[[ MATERIAL PROVIDED open ]]
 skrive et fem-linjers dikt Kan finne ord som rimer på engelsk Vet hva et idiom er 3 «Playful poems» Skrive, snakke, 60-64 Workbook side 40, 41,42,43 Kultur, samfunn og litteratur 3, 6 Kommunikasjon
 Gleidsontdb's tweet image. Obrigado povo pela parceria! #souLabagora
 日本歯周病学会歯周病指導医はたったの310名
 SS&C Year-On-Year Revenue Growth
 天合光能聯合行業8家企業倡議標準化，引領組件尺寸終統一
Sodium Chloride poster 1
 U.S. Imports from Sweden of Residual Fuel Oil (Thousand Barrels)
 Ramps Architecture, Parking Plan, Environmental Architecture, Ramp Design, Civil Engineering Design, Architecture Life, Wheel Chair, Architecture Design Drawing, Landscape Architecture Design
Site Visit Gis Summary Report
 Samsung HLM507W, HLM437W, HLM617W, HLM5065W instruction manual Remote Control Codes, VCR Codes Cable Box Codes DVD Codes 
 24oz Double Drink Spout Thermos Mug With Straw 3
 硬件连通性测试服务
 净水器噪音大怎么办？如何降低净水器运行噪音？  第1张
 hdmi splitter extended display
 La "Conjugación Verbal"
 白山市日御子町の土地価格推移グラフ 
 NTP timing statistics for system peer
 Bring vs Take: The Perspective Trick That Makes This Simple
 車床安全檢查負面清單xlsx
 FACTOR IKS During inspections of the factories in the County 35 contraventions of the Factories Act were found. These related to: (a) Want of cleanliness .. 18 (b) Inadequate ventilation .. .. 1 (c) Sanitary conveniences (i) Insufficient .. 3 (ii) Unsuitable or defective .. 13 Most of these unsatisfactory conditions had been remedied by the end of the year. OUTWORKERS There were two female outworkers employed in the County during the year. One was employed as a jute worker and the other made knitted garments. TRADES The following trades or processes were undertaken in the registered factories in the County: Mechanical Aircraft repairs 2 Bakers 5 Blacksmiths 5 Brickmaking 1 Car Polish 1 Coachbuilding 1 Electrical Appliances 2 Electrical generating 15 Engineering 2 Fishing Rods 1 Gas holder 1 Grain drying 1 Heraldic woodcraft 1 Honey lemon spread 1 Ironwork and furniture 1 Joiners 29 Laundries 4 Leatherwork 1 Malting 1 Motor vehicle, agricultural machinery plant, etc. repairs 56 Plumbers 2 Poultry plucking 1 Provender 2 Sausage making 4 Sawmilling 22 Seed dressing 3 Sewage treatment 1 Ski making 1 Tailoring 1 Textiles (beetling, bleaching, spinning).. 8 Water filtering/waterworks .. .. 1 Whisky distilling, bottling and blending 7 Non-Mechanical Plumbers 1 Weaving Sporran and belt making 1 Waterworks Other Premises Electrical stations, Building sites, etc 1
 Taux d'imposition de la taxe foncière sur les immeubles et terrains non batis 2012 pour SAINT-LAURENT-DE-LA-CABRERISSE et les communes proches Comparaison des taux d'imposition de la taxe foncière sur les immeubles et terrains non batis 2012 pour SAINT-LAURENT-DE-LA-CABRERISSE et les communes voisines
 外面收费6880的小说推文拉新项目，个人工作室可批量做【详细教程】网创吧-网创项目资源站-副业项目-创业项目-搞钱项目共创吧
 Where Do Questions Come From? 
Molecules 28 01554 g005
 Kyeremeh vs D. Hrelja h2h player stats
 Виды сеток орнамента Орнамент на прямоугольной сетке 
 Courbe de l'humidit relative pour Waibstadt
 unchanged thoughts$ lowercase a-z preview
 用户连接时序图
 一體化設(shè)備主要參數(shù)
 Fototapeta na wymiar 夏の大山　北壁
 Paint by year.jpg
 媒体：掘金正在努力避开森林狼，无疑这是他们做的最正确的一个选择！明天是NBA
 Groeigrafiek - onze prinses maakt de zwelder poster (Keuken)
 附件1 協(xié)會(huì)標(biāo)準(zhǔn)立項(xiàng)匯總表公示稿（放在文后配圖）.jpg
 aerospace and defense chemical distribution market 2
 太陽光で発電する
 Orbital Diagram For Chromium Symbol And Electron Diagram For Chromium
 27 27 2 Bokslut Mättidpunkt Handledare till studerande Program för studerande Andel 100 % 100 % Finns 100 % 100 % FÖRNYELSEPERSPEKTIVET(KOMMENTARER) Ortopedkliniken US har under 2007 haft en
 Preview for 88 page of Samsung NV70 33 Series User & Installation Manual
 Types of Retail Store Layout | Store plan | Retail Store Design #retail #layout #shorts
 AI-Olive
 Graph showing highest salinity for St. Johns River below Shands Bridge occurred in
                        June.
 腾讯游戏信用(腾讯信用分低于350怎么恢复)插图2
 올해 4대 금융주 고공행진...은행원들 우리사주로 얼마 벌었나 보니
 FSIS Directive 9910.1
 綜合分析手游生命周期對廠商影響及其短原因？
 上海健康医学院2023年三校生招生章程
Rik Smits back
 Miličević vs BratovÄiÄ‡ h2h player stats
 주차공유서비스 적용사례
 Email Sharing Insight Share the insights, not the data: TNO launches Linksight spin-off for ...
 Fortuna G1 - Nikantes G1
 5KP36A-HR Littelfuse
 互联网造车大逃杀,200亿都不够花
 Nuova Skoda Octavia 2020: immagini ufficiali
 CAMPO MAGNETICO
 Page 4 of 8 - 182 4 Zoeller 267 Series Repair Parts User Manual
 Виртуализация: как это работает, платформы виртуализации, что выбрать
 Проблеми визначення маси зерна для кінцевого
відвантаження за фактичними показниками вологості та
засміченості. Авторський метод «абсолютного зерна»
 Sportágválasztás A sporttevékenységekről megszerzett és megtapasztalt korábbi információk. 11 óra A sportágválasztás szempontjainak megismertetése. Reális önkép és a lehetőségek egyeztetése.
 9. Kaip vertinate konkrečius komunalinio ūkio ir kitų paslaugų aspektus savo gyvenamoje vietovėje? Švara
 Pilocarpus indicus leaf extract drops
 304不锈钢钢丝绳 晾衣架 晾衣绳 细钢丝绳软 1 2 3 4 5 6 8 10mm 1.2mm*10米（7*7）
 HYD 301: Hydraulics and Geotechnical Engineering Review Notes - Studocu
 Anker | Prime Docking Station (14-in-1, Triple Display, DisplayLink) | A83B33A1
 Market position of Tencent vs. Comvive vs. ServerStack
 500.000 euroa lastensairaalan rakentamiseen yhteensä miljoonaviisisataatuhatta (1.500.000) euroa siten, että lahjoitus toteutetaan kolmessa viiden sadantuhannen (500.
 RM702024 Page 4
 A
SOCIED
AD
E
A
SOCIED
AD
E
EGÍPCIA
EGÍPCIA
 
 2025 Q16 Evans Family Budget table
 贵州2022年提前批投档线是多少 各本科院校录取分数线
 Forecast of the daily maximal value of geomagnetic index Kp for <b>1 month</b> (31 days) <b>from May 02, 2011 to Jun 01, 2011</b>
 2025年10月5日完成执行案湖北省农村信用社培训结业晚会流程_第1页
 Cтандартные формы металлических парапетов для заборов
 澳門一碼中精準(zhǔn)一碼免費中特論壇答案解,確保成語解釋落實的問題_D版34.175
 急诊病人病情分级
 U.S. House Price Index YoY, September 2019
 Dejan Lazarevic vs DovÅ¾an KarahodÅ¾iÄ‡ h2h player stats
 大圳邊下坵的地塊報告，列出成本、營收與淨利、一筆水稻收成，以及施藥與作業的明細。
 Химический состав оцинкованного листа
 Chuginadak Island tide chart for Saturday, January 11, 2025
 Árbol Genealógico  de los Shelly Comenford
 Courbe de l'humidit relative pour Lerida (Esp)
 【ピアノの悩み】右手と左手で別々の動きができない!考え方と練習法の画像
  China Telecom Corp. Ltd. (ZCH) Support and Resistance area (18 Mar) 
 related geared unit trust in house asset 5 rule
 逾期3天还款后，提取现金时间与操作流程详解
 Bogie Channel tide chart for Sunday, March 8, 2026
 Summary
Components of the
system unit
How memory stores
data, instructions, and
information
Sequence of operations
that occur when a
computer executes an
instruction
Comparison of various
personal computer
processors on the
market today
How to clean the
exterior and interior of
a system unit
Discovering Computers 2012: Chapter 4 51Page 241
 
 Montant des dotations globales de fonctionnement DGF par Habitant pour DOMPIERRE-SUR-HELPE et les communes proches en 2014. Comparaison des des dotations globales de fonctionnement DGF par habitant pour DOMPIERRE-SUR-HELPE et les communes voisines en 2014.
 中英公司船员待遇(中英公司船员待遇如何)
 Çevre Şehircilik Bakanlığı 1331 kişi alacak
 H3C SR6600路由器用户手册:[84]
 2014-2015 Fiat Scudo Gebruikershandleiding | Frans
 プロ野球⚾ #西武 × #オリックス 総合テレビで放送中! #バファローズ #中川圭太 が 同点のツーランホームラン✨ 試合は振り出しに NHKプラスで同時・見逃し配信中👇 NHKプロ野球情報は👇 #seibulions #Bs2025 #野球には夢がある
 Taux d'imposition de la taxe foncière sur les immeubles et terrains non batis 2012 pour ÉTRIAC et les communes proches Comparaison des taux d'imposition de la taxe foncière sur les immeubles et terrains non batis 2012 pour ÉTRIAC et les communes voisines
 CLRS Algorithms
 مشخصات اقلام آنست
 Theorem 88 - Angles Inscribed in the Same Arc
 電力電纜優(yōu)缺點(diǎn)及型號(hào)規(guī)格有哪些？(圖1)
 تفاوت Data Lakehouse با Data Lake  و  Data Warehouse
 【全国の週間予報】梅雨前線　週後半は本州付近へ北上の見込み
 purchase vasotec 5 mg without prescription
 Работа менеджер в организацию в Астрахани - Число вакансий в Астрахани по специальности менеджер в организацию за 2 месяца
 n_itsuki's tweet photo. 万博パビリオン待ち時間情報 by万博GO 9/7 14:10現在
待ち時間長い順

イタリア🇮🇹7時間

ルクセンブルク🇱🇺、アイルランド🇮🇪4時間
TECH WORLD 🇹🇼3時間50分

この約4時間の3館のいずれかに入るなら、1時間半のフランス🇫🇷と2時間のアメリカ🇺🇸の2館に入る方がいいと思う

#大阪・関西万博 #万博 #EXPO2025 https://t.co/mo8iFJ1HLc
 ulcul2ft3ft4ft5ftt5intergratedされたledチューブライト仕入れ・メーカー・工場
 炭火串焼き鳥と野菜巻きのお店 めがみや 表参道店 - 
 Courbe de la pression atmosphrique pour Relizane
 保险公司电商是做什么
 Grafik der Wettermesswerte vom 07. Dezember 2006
[[ MATERIAL PROVIDED closed ]]
◆ **ACTIVITY**
The response must contain each line above that holds the string "tweet".

◆ **TASK RESULT**
 Gleidsontdb's tweet image. Obrigado povo pela parceria! #souLabagora
 n_itsuki's tweet photo. 万博パビリオン待ち時間情報 by万博GO 9/7 14:10現在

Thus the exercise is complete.